Porto, Portugal: The Portuguese tradewinds were in full howl this morning over Matosinhos, Portugal, as Day 5 dawned on the 2017 49er/FX World Championships.
With the top 20 qualifiers advancing to the gold fleet semifinal round and the remainder battling for silver, only the teams who could keep their boats upright would avoid falling in the results.
Olympic silver medalists Jena Hansen and Katja Iversen (DEN) have never won a World title, but the only top women’s team to avoid a capsize today may be on the verge of their first.
The powerful Danish team achieved a middling first race today in 12-15 knots, but there was no looking back from that point on as they went on to a 1,2,1 in the final three races.
“Katja and I talked a lot about the techniques and maneuvers so we were always on the same page,” Hansen said. She added that they ‘fell down on our butts a few times in the middle of a gybe, but we were always able to save it.”
Hansen and Iversen were still in the boat park hours after racing ended. We’re making some new trapezes to make sure they last for tomorrow,” Hansen explained to a reporter.
“Confidence in our gear is one of the most important things to have in this breeze.” When asked what message she wanted to send to her fans, Hansen pulled no punches. “Tomorrow you’ll see more kicking butt, we’ll be fully switched on as we are every day out there.”
Hansen/Iversen may sit on a significant 5-point lead today, but if not for a single capsize from each of the three teams just behind, they might still be in fourth place.
The most heartbreaking swim came surprisingly in the slightly lighter air of race 2, when the British Sailing Team’s Charlotte Dobson and Saskia Tidey – who’d sailed a perfect race to that point with a huge lead – flipped just meters from the finish.
“We had an awkward angle for that final gybe right on top of the gate mark, and with the skewed waves it was a tough maneuver and we didn’t get it done,” said Dobson.
Dobson/Tidey would currently lead the Championship had they sailed that final 20 meters without a hitch, but Tidey says it’s all part of sailing.
“That’s the game of sailing, isn’t it, and we’ve got another day to go out and give it our all,” she said. “You have those moments and you just have to put them out of your mind and reset, and just go out and give it everything you’ve got again.”
Tidey and Dobson did just that: Their 3,4,4 results in the other races have them sitting in fourth place , and while it’s an uphill battle to get to the top of the leaderboard, Tidey says there is no quit in them. “We’re gonna go out there and send it around the course as the strongest team on the course, and give it socks!” Tidey said cryptically.
Olympic gold and silver medalists Grael/Kunze and Maloney/Meech each capsized once in the final, ultra-windy race, finishing seconds from each other in 10th and 11th position. They sit in the silver and bronze positions going into the final day of action.

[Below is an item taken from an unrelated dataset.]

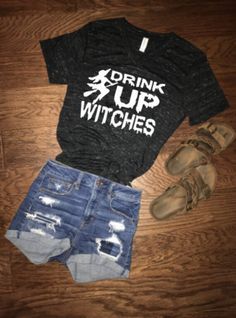 HEAD OVER TO WWW.VICTORIASMONOGRAMS.COM FOR CHEAPER PRICES Drink Up Witches! This super soft tee is perfect for trick or treating and all other Halloween   festivities!  Bella Canvas tee - black marble v-neck with white design.  S, M, L, XL, 2XL Shirt features a logo on back collar Fitted Casual Halloween Tops, Fall Graphic Tee With Distressed Details, Fitted Casual Tops For Halloween, Fall Distressed Graphic Tee, Casual Halloween T-shirt With Letter Print, Trendy Halloween Text Print T-shirt, Black Halloween Top With Text Print, Spooky Black Summer Top, Casual Halloween Letter Print T-shirt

As the FX fleets finished racing for the day, PRO David “CJ” Campbell-James abandoned all racing for the day. “31 knots on the course, massive seas, and no real prospect of any relief until sundown…it’s frustrating, but going out there now would be unsafe so we’ll resume in the morning,” said CJ.

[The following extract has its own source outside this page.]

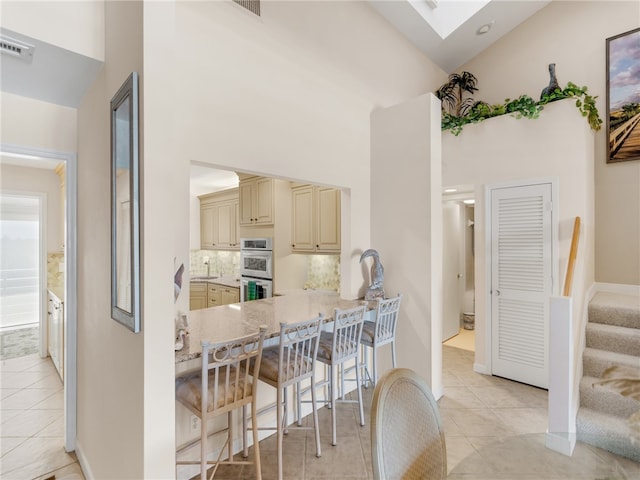 kitchen featuring light tile patterned flooring, a towering ceiling, a kitchen breakfast bar, double oven, and cream cabinetry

Surprisingly for a team with a solid lead for what would be their first-ever World Title, 2017 European Champions Dylan Fletcher and Stuart Bithell were disappointed to have missed more sailing.
“With the way we’ve been sailing in this breeze, we were looking forward to the opportunity to put more good finishes on the board and go have some fun,” said Fletcher as he inspected every inch of their boat.
The team scored three straight bullets to take the lead on Thursday, and with their boat in perfect preparation, they’re feeling good about their chances.
“Yesterday was awesome fun – it’s exactly why we sail the 49er, and a big confidence builder with the upwind and downwind pace we had,” said Fletcher. “We hope the breeze plays ball and we can put on a bit of a show for everybody.”